I was invited for my final interview where I was sure that I would be signing a contract, however my expectations were not in the right place. “Are you willing to change your attire a bit? “asked the human resource manager during the interview ? “What about your veil, do you always wear it like this “.I started to understand where he was going and reality started to sink in: I was facing discrimination and I will never forget the feeling I had when I left that office,the feeling of being helpless and all alone , the feeling of anger and confusion , the feeling of not knowing why? I could not understand how by having a piece of cloth over my head I was less qualified and at a moment of such frustration, you’d think I was going to do something about it, but the truth is I didn’t. I was scared!
I continued my job search and eventually found a job,the discrimination continued, whether it be through clients avoiding me , or their facial expressions , I always felt like I didn’t fit in and still I didn’t do anything about it . I accepted the fact that I was being discriminated against because of my veil and I thought to myself,things will never change and I will have to live with this day by day . Change was not option.
A few years after I was taking a social media workshop where I was introduced to the world of blogging. In one of the exercises we were asked to start a blog about any topic we wanted and the first thing that came to my mind was the feeling I had when I left that managers office.I was inspired , I got a piece of paper and started to write down all of the things I wanted to talk about and before I knew it I had an entire page full of ideas .
I rushed home that day and stated my own blog called “7ijabi “I wrote my first post and sent it out to the world and I insisted that I speak up even if no one was listening . At that moment I felt liberated and free and at that moment I realized that change was an option.

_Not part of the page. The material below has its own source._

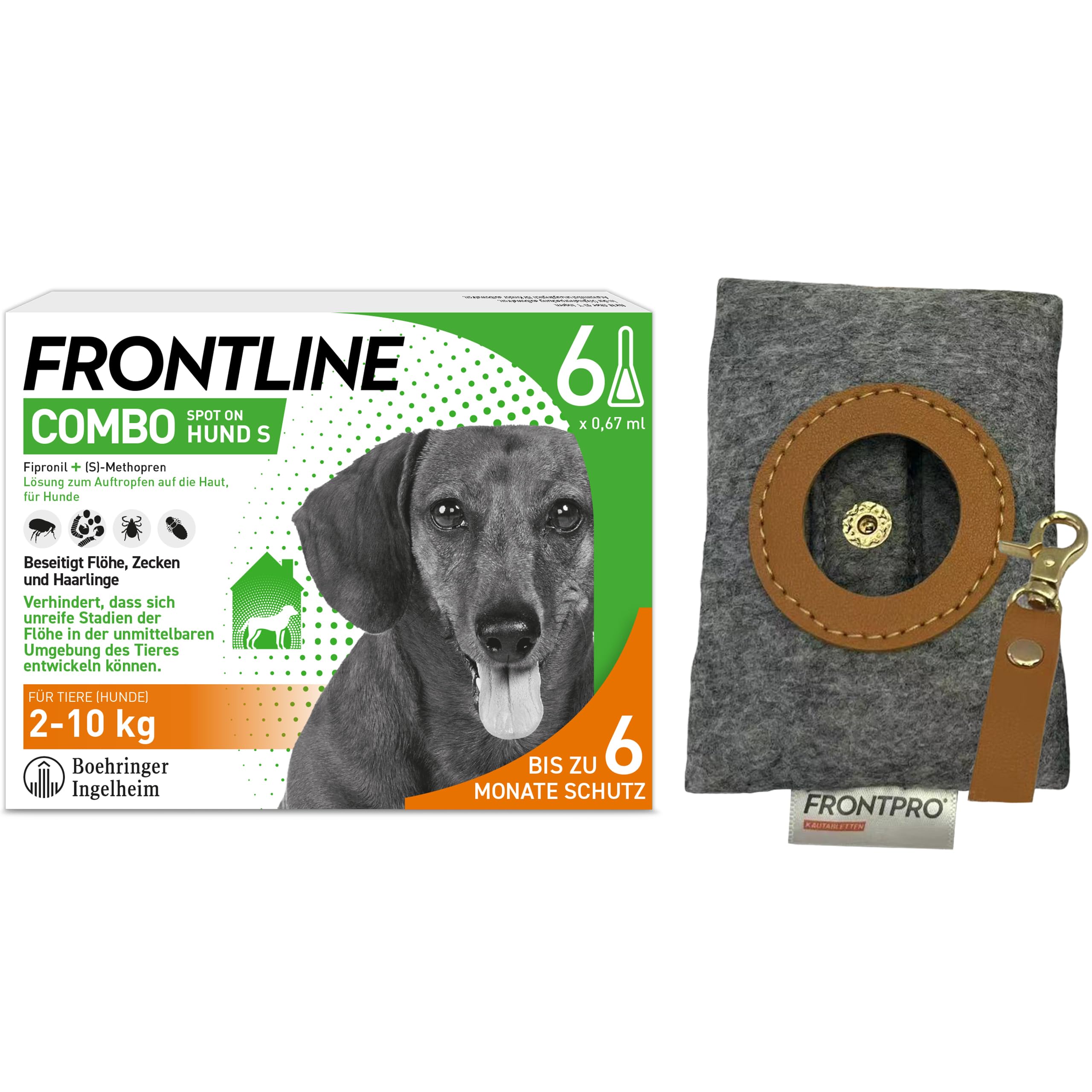 FRONTLINE Combo Hund S gegen Zecken, Flöhe & Haarlinge (2 bis 10 kg) | 6x Pipetten für bis zu 6 Monate Schutz - gegen Floheier, Larven & Puppen im Haushalt - wasserfest + Kotbeutelspender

My mission from starting 7ijabi was to raise awareness about the discrimination that veiled women faced in the Lebanese society. I knew that my story was one of many , many who had chosen to remain silent and accept things as they were. I also realized that part of why we were being discriminated against was simply because the other did not really know who we were. So I started to share stories of my daily life as a veiled woman, my blog started to grow and I realized that I was no longer alone.
With more than 10,000 readers from around the world I thought I had finally succeeded in breaking stereotypes, I thought that my mission was done. However there was much more to blogging than writing stories. While writing a post asking the readers not to discriminate against veiled women, I received an email from unveiled women who had been facing discrimination from veiled women in her community. She described to me how she was one of the few women who were not veiled in her village and described how she was stereotyped as not being pious enough because she was not like them.In her email she mentioned her feelings of frustration and loneliness , the same feelings I had experienced and that is when I realized that discrimination has no favorites and most importantly I realized that I myself had been discriminating against non-veiled women.
Whenever there was a group of people in any occasion I would rush up to those who were veiled. Those who were like me . This moment of self realization opened my eyes that all this time I had been asking people not to discriminate when I myself was doing it. I decided to write a post Titled “Confessions of veiled women “where I confessed and apologized to every single person I had ever labeled or judged. After that post 7ijabi was no longer about the veil itself , it became a platform for fighting stereotypes of all kinds , and I finally understood that I was not always the victim , that sometimes I did not get the job because I was not qualified not because I was veiled. I had been seeing my veil as a difference and I used it as a tool to feel sorry myself and I knew that there were hundreds of girls who were doing the same and all I wanted to do was to tell them be careful , don’t make the same mistake I made,don’t victimize yourselves.
Blogging has allowed me to have a voice and when you share your voice with the world you are bound to hear both positive and negative remarks and the only way we can really grow as humans is through listening,listening to our differences,our similarities and most importantly listening to our hearts .
It has not been an easy journey and when I look back to where I started I see a frightened young woman afraid of speaking up, a young woman who for years felt helpless. In life We can either choose to live in fear or speak up for ourselves. No matter how young or small or helpless we may feel change is always an option.